The Great Noise Machine geared up and
denounced the report, although we note they didn't say a word about a
report on Leftwing extremism that had been issued a couple of months
earlier. Then-Minority Leader John Boehner called it "offensive
and unacceptable," and every blogger, columnist, commentator and
radio personality dumped on the report, calling it a "hit job,"
among other crass characterizations. The new Obama Administration
quickly withdrew the report, and decimated the DHS section which
produced it.
If this sounds familiar, the
victimization story is the same script now being followed by the
poor Tea Partiers who wailed of their cruel treatment at the hands of
an oppressive government. There's one other element to this story,
which leads to the next tactic:
Know Your Opponents: In the 2009 DHS
"scandal," Democrats played along and denounced the report,
just as today's Democrats are playing along and denouncing what the
IRS did. Their alternative course would have been to defend the
Obama Administration, but that would require some backbone, which
Democrats are notoriously lacking. Just as with the panicked
reaction to a right-wing hit job film on an Agriculture Dept.

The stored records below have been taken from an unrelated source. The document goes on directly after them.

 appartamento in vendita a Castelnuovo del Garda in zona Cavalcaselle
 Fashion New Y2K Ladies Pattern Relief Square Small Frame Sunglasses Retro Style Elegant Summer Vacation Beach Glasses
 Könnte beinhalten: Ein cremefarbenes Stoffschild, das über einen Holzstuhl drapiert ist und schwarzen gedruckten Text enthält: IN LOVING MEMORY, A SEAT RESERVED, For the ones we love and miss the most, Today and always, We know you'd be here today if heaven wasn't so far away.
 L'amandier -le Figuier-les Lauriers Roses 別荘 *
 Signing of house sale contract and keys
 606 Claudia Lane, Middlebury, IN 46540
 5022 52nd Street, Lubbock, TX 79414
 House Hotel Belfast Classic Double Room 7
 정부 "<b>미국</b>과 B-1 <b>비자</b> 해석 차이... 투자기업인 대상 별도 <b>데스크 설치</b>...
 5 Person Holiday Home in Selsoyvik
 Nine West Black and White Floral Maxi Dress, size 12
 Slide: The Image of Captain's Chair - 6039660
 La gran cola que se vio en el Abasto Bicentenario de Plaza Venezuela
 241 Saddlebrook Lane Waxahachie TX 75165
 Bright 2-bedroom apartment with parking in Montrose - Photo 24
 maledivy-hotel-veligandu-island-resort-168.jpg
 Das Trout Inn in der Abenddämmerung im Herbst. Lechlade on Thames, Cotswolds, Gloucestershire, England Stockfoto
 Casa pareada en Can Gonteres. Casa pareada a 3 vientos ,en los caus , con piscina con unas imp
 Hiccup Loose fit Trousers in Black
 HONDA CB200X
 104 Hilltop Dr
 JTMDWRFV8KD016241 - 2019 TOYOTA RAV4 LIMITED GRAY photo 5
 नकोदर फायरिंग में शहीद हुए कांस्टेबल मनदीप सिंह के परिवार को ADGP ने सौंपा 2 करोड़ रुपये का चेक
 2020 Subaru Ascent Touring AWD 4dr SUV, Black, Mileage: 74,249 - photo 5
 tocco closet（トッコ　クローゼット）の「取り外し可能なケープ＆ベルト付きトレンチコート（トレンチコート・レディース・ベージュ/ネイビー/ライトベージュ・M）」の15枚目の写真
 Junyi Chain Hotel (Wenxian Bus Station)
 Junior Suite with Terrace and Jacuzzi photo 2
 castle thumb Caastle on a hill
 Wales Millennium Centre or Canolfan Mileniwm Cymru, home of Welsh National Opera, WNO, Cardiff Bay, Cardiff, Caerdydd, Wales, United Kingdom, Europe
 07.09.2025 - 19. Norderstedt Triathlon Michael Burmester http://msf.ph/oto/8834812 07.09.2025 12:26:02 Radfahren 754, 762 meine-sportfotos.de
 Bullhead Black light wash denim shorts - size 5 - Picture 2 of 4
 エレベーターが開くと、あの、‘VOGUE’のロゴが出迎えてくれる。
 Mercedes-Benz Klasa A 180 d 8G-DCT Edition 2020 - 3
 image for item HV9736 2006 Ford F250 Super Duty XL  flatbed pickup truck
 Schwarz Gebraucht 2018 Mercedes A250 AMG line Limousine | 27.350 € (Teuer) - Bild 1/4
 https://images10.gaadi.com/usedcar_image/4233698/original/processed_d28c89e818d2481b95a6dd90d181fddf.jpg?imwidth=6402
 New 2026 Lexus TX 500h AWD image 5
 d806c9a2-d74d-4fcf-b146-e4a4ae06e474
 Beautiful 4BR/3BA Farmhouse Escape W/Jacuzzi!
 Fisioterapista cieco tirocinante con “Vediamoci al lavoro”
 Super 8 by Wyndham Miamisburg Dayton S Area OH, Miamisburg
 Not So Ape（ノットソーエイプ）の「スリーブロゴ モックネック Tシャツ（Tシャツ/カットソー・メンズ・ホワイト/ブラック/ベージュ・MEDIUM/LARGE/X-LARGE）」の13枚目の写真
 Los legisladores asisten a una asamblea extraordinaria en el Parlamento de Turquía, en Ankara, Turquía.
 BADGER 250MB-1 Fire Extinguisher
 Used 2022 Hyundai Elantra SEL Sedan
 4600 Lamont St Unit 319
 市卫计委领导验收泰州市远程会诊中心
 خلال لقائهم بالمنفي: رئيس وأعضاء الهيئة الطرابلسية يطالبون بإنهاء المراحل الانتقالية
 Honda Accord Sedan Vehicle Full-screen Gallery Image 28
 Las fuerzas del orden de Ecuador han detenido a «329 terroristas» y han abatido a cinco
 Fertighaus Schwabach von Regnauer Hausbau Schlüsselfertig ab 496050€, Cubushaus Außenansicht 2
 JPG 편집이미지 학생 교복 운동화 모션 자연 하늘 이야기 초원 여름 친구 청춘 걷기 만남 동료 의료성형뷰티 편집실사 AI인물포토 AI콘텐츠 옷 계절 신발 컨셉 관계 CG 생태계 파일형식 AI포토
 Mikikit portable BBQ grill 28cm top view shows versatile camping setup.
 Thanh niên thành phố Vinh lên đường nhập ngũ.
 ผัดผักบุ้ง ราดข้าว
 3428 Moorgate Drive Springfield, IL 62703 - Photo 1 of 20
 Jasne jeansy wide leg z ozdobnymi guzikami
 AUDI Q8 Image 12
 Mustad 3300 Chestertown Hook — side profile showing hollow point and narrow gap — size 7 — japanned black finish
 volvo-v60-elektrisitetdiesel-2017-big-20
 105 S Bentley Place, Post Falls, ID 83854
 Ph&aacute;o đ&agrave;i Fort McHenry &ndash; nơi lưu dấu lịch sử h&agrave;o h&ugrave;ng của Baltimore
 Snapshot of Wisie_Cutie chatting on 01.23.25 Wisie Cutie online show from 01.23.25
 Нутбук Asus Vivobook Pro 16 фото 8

employee, Democrats acted in fear first. They fired Shirley Sherrod
before the whole truth of the edited video came out, just as they
tossed out IRS officials who were trying to make their way through a
deluge of applications with few people and unclear legal landscape.
The reason that Republicans and their winger opponents can get away
with this is the fundamental truth of scandal-mongering:
Facts Don't Matter.
In the case of the 2009 DHS report, it
was true that right-wing extremism was on the rise. In the case of
the IRS report, it is true that some right wing groups were abusing
their tax privileges by engaging in political activity prohibited by
the tax status they claimed, that the damning Inspector General
report was sloppy, and that left-wing groups like Progress Texas were
also questioned as they should have been by the IRS. Speech is a
protected right; a tax exemption isn't. Even so, what isn't true is
that the groups had their tax exemptions denied.
What isn't true in the IRS "scandal"
is that Bush Administration appointee Douglas Shulman went to the
White House 157 times to coordinate attacks on the right wing, as
conservative commentators have screamed. He went 11 times, and
mostly to meet on health care-related issues.
What isn't true about Bengazi is that
the standard, if intense, interagency process to clear public talking
points for national TV shows while protecting national security and
adhering to the best information the government had at the time, is a
cover up.
Scandal As Means, Not End
For all the fussing, the scandal game
isn't an end in itself. The scandals are a distraction. The scandal-mongers know all they have to do is scream loud enough, and the media will jump on it, regardless of the merits or the facts.
It's easier, to throw unsubstantiated
charges around than to do work through the hard, detailed process of
a real budget resolution. It's more fun to drag bureaucrats before
a committee than it is to look at the economic situation and come up
with a way to get people back to work.
It's more appealing to the "base"
to nullify an election result through phony charges posturing, and
procedural roadblocks than to accept that the country needs a
functioning legislative body -- something we don't now have.